Pas de panique pour autant : l’acteur ne s’assagit qu’en apparence. L’une de ses répétitions musicales, décrite par Ben Sisario du New York Times, n’a rien de normal. Ce jour-là, Murray lit bien des extraits d’Huckleberry Finn pendant que le trio joue « Moon River ». Mais comme avec lui rien n’est jamais vraiment normal, il porte une chemise rose criard, un bandana, et peut se targuer de s’époumoner devant une fan pas comme les autres – en l’occurrence la réalisatrice Sofia Coppola, venue lui faire un gros câlin et filmer le tout à l’iPhone.
Bill Murray en répétition – Photo New York Times.
Pour les vêtements, c’est pareil : l’acteur, auteur d’un best-seller sur le golf et d’un incident diplomatique à cause d’un crash de voiturette, refuse encore et toujours de trop se prendre au sérieux.
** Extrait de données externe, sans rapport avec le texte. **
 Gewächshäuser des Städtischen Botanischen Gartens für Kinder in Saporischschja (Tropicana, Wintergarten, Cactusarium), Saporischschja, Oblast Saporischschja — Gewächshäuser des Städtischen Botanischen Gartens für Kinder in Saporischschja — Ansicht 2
Les imprimés sont criards ; quant à la matière privilégiée – le polyester -, elle est souvent considérée triviale… et donc plutôt boudée par le petit monde fermé du golf.
Vous l’avez reconnu ? Ce polo, le best-seller de la marque, est un clin d’oeil à la célèbre scène du karaoké de Lost In Translation :
Sans compter qu’à bien y réfléchir, cet intérêt pour la musique et le golf marque moins un aller simple vers l’ennui que la volonté de l’acteur de persévérer dans des voies qu’il a touchées du doigt toute sa vie.
On l’a vu chanter (plutôt faux, mais est-ce bien grave ?) dans plusieurs films : Lost In Translation bien sûr, mais aussi dans Cradle Will Rock (en ventriloque qui interprète « l’Internationale« ), en crooner de Noël dans A Very Murray Christmas ou en fan de Bob Dylan dans St. Vincent. Dans la vie privée, il n’est pas en reste : il concurrence Mariah Carey en s’égosillant – littéralement, et en crachouillant aussi d’ailleurs – lors d’un match de baseball devant un stade plein à craquer, et pousse la chansonnette avec son copain Clint Eastwood, juste pour le plaisir.
Côté golf, les frères Murray ont contribué à écrire l’histoire de ce sport au cinéma avec le film Caddyshack (1980), co-scénarisé par l’un d’eux. Cette comédie largement autobiographique tourne en dérision la Sainte Trinité clubs, gazons et voiturettes et scelle, en images, la passion de la fratrie pour la discipline.
Caddyshack, fort de son succès commercial, dévoilera l’acteur au grand public – et avec lui son goût pour l’absurde, sa spontanéité et sa tendresse qui en feront une star. En témoigne cette séquence délirante dans laquelle l’acteur adresse un monologue enflammé à un gopher (un rongeur nord-américain qui ressemble comme deux gouttes d’eau à une marmotte, sans en être une pour autant).
Pour la petite anecdote, cette scène de Caddyshack, au-delà de montrer tout l’amour de Bill Murray pour le golf, était quasi-prémonitoire : treize ans plus tard, en 1993, une comédie romantique dans laquelle il partage le premier rôle avec Andie MacDowell installera pour toujours Bill Murray sur son trône d’acteur culte : il s’agit de Groundhog Day, soit, en version française, Un jour sans fin ou… Le Jour de la Marmotte.